1
votes

I need to add a reference to an Azure Data Lake to an existing cluster programmatically. I know that we can do this with blob storage via a script action, but I've found no documented way to do this with ADL.

I've looked at the script in detail that is used to add blob storage (https://hdiconfigactions.blob.core.windows.net/linuxaddstorageaccountv01/add-storage-account-v01.sh), and understand the manipulations it makes to the core-site.xml. But I can't figure out how to do something similar with ADL. In particular I'm looking at the core-site.xml file and see that the fs.azure.datalake.token.provider.script refers to the same decrypt script as the blob storage token provider. However, I don't see an encrypted value for the data lake token anywhere.

4

4 Answers

0
votes

I am not sure if this is directly supported but here are a few articles you may reference. If there is no documentation on it and the only way to do it are strange workarounds I would wait until it's released as a full feature, if ever. I'm sure this feature request has been proposed multiple times!

https://docs.microsoft.com/en-us/azure/data-lake-store/data-lake-store-hdinsight-hadoop-use-powershell

In that article it mentions,

If you are going to use Data Lake Storage Gen1 as additional storage for HDInsight cluster, we strongly recommend that you do this while you create the cluster as described in this article. Adding Data Lake Storage Gen1 as additional storage to an existing HDInsight cluster is a complicated process and prone to errors.

Not sure if this cmdlet can be used to add to an exisiting cluster,

https://docs.microsoft.com/en-us/powershell/module/azurerm.hdinsight/Add-AzureRmHDInsightClusterIdentity?view=azurermps-6.13.0&viewFallbackFrom=azurermps-3.8.0

0
votes

You can use this guide: Add additional storage accounts to HDInsight. It worked well for me (I followed the instructions in PowerShell).

Be warned though that the newly added storage accounts will never appear in the cluster's Storage Accounts blade in Azure.

0
votes

There is no similar guide for ADLv1/v2 as it is for adding storage account to HDInsight posted above.

But, good news is that the bash script provided can be reused. Bash script does a bunch of steps, and you only need the last two.

Add the missing custom properties to be added to core-site.xml file under updateAmbariConfigs.

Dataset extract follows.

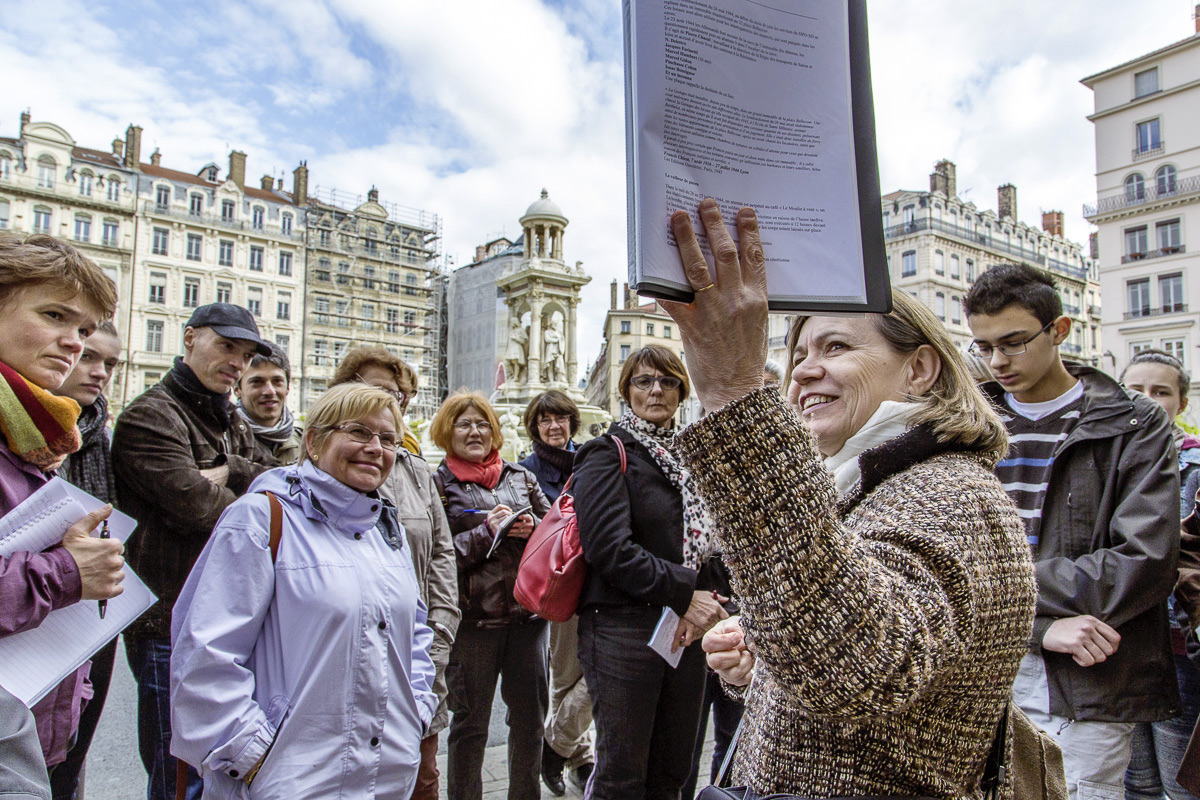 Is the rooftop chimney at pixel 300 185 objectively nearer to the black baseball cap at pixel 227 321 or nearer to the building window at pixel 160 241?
the building window at pixel 160 241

Here are the custom properties needed to use ADLv2 storage as an additonal storage store for your cluster:

fs.azure.account.auth.type.#yourADLv2storagename#.dfs.core.windows.net=OAuth
fs.azure.account.oauth.provider.type.#yourADLv2storagename#.dfs.core.windows.net=org.apache.hadoop.fs.azurebfs.oauth2.ClientCredsTokenProvider
fs.azure.account.oauth2.client.endpoint.#yourADLv2storagename#.dfs.core.windows.net=https://login.microsoftonline.com/#yourtenantID#/oauth2/token
fs.azure.account.oauth2.client.id.#yourADLv2storagename#.dfs.core.windows.net=#yourApplicationRegistrationIDUsedForADLaccess#
fs.azure.account.oauth2.client.secret.#yourADLv2storagename#.dfs.core.windows.net=#clientSecretForAppRegistrationAbove#

You then can store the script in a publicly accessible container in storage account and then submit the script via GUI or any other preferred way.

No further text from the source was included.